LONDRES – Les trains ont ralenti au ralenti. Les écoles et les cabinets médicaux ont fermé leurs portes. Le British Museum a fermé ses galeries. Le palais de Buckingham a écourté la relève de la garde. Et le gouvernement a exhorté les gens à travailler à domicile.
Une grande partie de la Grande-Bretagne a fait une sieste involontaire lundi alors que la chaleur impitoyable filtrait vers le nord depuis un continent européen ravagé par le feu, entraînant des températures proches des trois chiffres Fahrenheit dans de nombreuses régions et atteignant la marque la plus chaude jamais enregistrée au Pays de Galles.
Les autorités ont placé la majeure partie du pays sous un avertissement « rouge » pour la chaleur pour la première fois de l’histoire, le mercure oscillant autour de 100 degrés (37,5 degrés Celsius) à travers Londres et le sud et les Midlands du pays. La meilleure lecture de Grande-Bretagne, 100,6 degrés Fahrenheit (38,1 degrés Celsius)n’a pas tout à fait atteint le record de 101,7 établi à Cambridge en juillet 2019, mais pour une nation étouffante, cela ressemblait à une distinction sans différence.
Dans le métro étouffant de Londres – la plupart des lignes ne sont pas climatisées – Georgia McQuade, 22 ans, a traîné une lourde valise alors qu’elle se dirigeait vers la gare routière de Victoria, où elle prévoyait de prendre un bus pour rentrer à Paris.
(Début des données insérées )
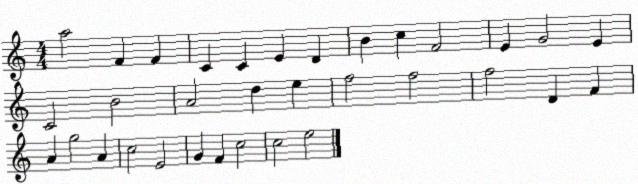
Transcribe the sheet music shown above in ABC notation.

X:1
T:Untitled
M:4/4
L:1/4
K:C
a2 F F C C E D B c F2 E G2 E C2 B2 A2 d e f2 f2 f2 D F A g2 A c2 E2 G F c2 c2 e2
« Le Tube est vraiment chaud en ce moment », a déclaré Mme McQuade. Mais elle a ajouté: « Je ne veux pas prendre un Uber, car utiliser autant de voitures est ce qui a causé cette chaleur en premier lieu. »
Elle s’attendait à rencontrer des températures encore plus féroces à Paris, car une masse d’air chaud a brûlé l’Italie et l’Espagne au cours de la semaine dernière et attisé des incendies de forêt en France et dans d’autres parties de l’Europe, avant de se répandre à travers la Manche.
Lundi, les pompiers français luttaient contre deux énormes incendies de forêt qui avaient ravagé 55 miles carrés de pinède sèche dans le sud-ouest de la France au cours de la semaine dernière, forçant environ 16 000 personnes à évacuer.
Pour la Grande-Bretagne, une nation connue pour ses nuages qui coulent, ses averses fréquentes et son climat tempéré, la chaleur du haut fourneau de l’Arizona a suffi à perturber une grande partie du pays. Il s’est même immiscé dans le débat politique pendant une campagne électorale.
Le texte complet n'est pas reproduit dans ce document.